After a preliminary meeting with them this morning, President Bush says that his objective is to have an Iraqi government that can "sustain, govern and defend itself, and will serve as an ally in this war on terror." See Washington Post. That is indeed a proper objective, but such an outcome is only partly within our ability to bring about. It depends primarily upon the Iraqi leaders themselves. Likewise, Bush was correct to reject the suggestion of Sen. Carl Levin that we begin a phased withdrawal of troops -- just like in Vietnam. Any such exit should be discretional, not on a fixed timetable, so as to maximize our leverage vis-à-vis the government of Iraq.
What is particularly encouraging is the increased influence of foreign policy realists, and the corresponding diminution of the ideologically-driven neoconservatives. For whatever reason, in the wake of the 9/11 attacks, the Bush administration fell prey to the temptation to pursue a messianic foreign policy with limitless global ambitions. Those of us who had hoped that Bush would heed the prudent counsel of Colin Powell were disappointed, time and again. Likewise, the influence on policy of Condoleeza Rice, who has strong realist credentials in academia, has been difficult to ascertain. Since her last trip to the Middle East, she has had a very low profile. I do give credit to Bush for earnest perseverance in waging war against our enemies, but he simply did not give adequate consideration to formulating a strategy with objectives tailored to our available resources. That is what realism is all about: achieving a balance in the pursuit of our national interests.

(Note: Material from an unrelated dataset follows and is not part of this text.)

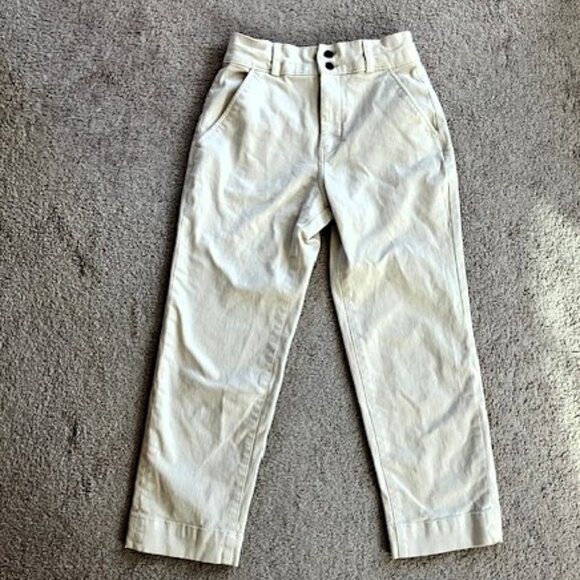 Everlane The Straight Leg Crop Pants Women Size 4 - Picture 1 of 5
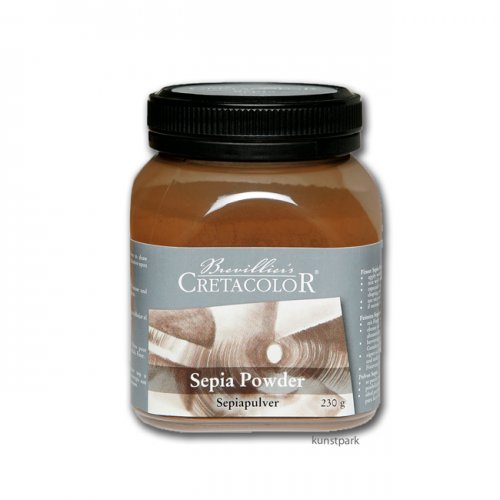 Cretacolor Künstler Pulver in Kunststoffdose Sepiapulver (230 g)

That is where the irony of Sen. John McCain's position stands out so starkly. Considered a moderate in domestic affairs, McCain is among the biggest hawks on Iraq, calling for a substantial increase in the number of troops there. I would agree if I thought such a commitment could be sustained, but after the Democrats take control of Congress in January, the President will be severely hamstrung. Perhaps we can still manage to turn the tables and regain the momentum in Iraq, easing tensions and restoring central government authority. But I think it is more likely that we will achieve only partial success, acquiescing in some kind of partition, so that the end result of the war would be something of a stalemate, as in Korea.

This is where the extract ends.